I’ve been around enough pregnant women to know they stress about their birth plan. They make lists, demands, and even do strange rituals in order to ready their bodies, their tribes, and their medical staff for the day of arrival of their babes. Perhaps the need to control their environment and calendars is motivated by fear that something might happen during birth, thus causing disappointment and extenuated fears of failure when their birth plan doesn’t go as well as they had hoped. Or, it could just be the need to have order in the midst of the chaos of the unexpected. We love a good story, a happy ending, and details that keep us on the edge of our seats especially when it comes to major events in our lives like bringing a child into the world. The celebritized baby gender reveal parties, and Pinteresty baby announcement pictures only add fuel to the fire as we wait for the dopamine to hit our brains with each “like” we receive on social media for our creative self expressive ways we announce a pregnancy. We make bringing a child into the world more about ourselves than the beauty of the Story Teller. It has always been humbling to me how Mary, the mother of Jesus, could hardly speak when she was told of the growing Christ child developing in her womb. The details, the mystery, the awe too much for her mouth to produce any formulated sentence to announce this coming baby. I realize her situation was quite scandalous being a young unmarried girl in the ancient near east, however her response was the act of pondering. She was left to ponder the mysterious news of the world’s greatest pregnancy. Scripture speaks of this act of pondering she did as a response to the gift she was given rather than the announcement she felt like she needed to make about his coming. However, God the Father did the announcing. And my goodness, what an announcement of Christ’s birth it was.
My son’s birth story started before I even knew he was being formed in his mother’s womb.

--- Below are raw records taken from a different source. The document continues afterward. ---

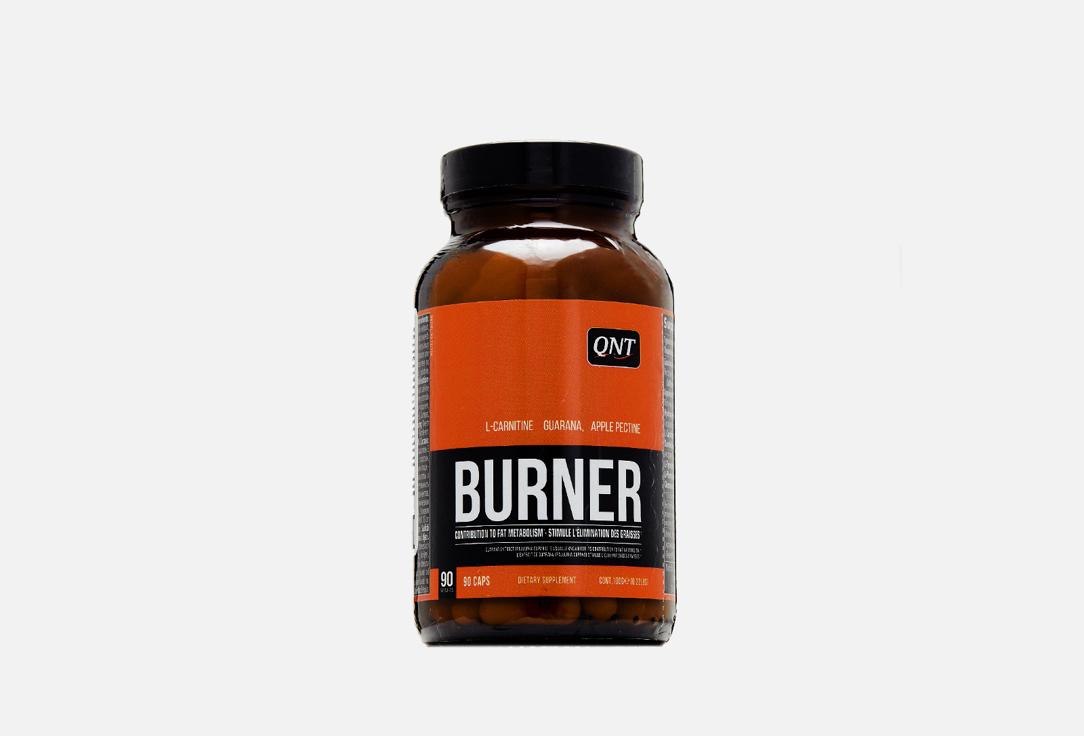 QNT | Burner. 90 шт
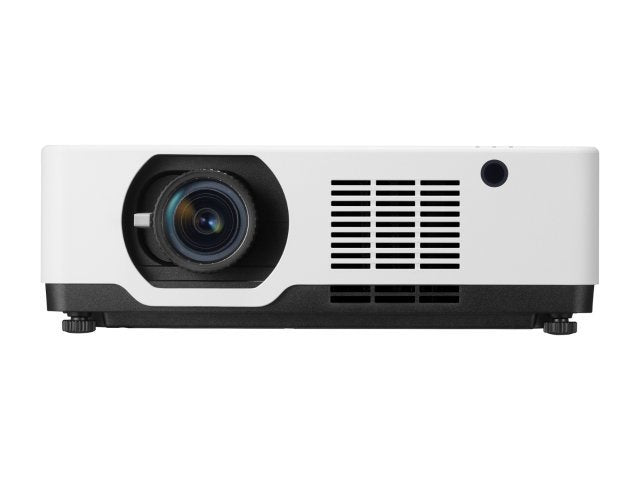 EAN 5028695614628 - NEC PE506UL Proyector de alcance estándar 5200 lúmenes ANSI LCD WUXGA (1920x1200) Blanco imagen 4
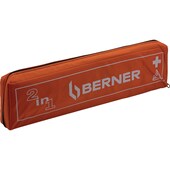 Verbandstasche + Warndreieck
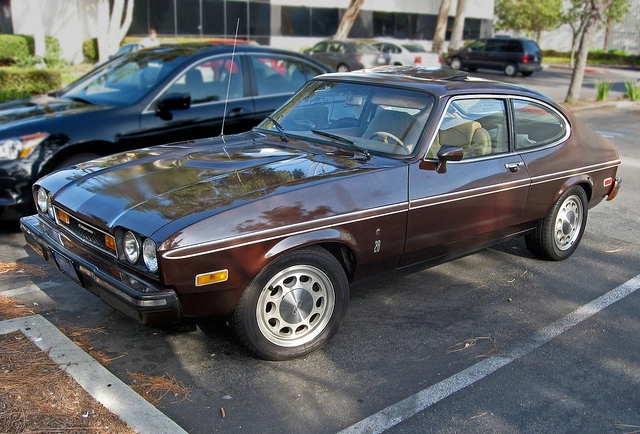 3940102782_4ca45282cc_z.webp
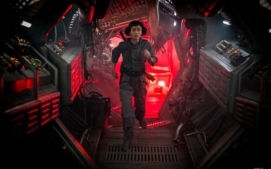 vetrelec-zeme-alien-earth-12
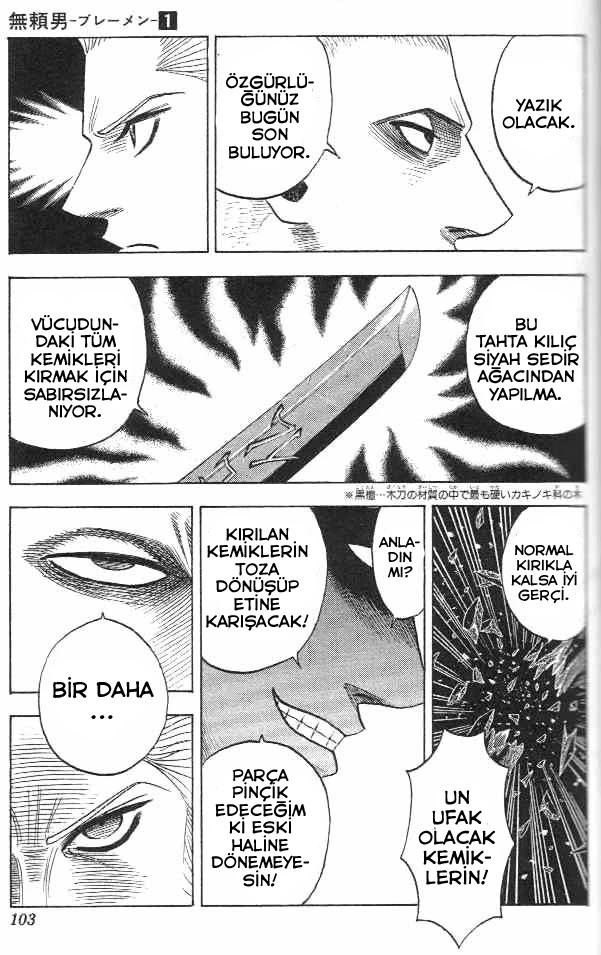 15-cm5ya3xt20000eovjogi0rsko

I didn’t have a birth plan. Shoot, I never had an adoption plan. I never saw the two pink lines on the pregnancy test. I never had the moment of overwhelming excitement knowing my efforts of baby-making had come to fruition. I never felt his tiny body moving wildly inside of me. I never experienced the pain of childbirth, bearing down with the force of superhero strength to birth him from my body. I never felt the rush of oxytocin release from my brain to form an immediate bond. My husband never cut the umbilical cord, we never went to an appointment to hear his first flutters of a heartbeat, and I never heard his whimpers of life’s first breath entering his lungs, never. Yet, somehow he’s my son.
We received a call from an attorney in our community who had helped us figure out some legal jargon regarding a previous adoption we were pursuing. As that fell through, this attorney kept our contact information. I received a phone call from her late on a Thursday evening a year later. She told us there was an 8-month-old baby boy who needed an immediate placement for adoption and proceeded to ask if we would be interested. The pink lines. We prayed about it and on Sunday of the same week, we met his courageous and beautiful birth mother. She placed Jonathan in my arms, tired, worn out, spent from the months of homelessness and exposure to the world. The first flutters of a heartbeat, the gender reveal, the first cries, the oxytocin flowing to formulate an immediate bond. I began rocking him immediately and spoke tenderly over him singing a song I learned from my mother. He fell asleep to the comfort I offered as he rested against my chest. His birth mother looked at me with a tear in her eye and said, “I don’t do that. You’re good at that. He likes it”. She, a woman who chose life for this child, speaking affirmations of my mothering over me. This kind of strength, the strength it takes to affirm another woman’s abilities to mother your child in the face of a decision that will change the course of eternity, was utterly profound to me. She chose us that day. The following Friday we brought him home and just five days later we were now prancing around town as a family of three.
There are parts of my son’s birth story I will never know. He will never know. There are experiences, situations, and details surrounding it I will never be able to answer when I am asked one day. But just like Mary, the mystery of it all will hopefully cause both my son and me to ponder in our hearts how God could have possibly brought us together to form a family. I believe he is the sole reason God moved us from the comfort of our lives in Cincinnati, our familial bonds that far exceeded biology, stripped us of all we thought was good, and laid Jonathan Ryan in our laps. Literally.
With the adoption date approaching, my prayer for the last 12 years has been for God to receive the glory from our barrenness. For the world to see and know the goodness of God, not in providing a child for us, but for doing far abundantly more than we could ever ask or think, for what he’s going to do through this precious little man. I have prayed for 12 years for our children to be tender to the gospel as they hear it. I have prayed the Holy Spirit would quicken his heart to believe by faith Jesus is Lord. Our spiritual children, our adopted children, all have proven God has answered those prayers. Now we wait for the salvation of our son. Until then, I will continue to ponder.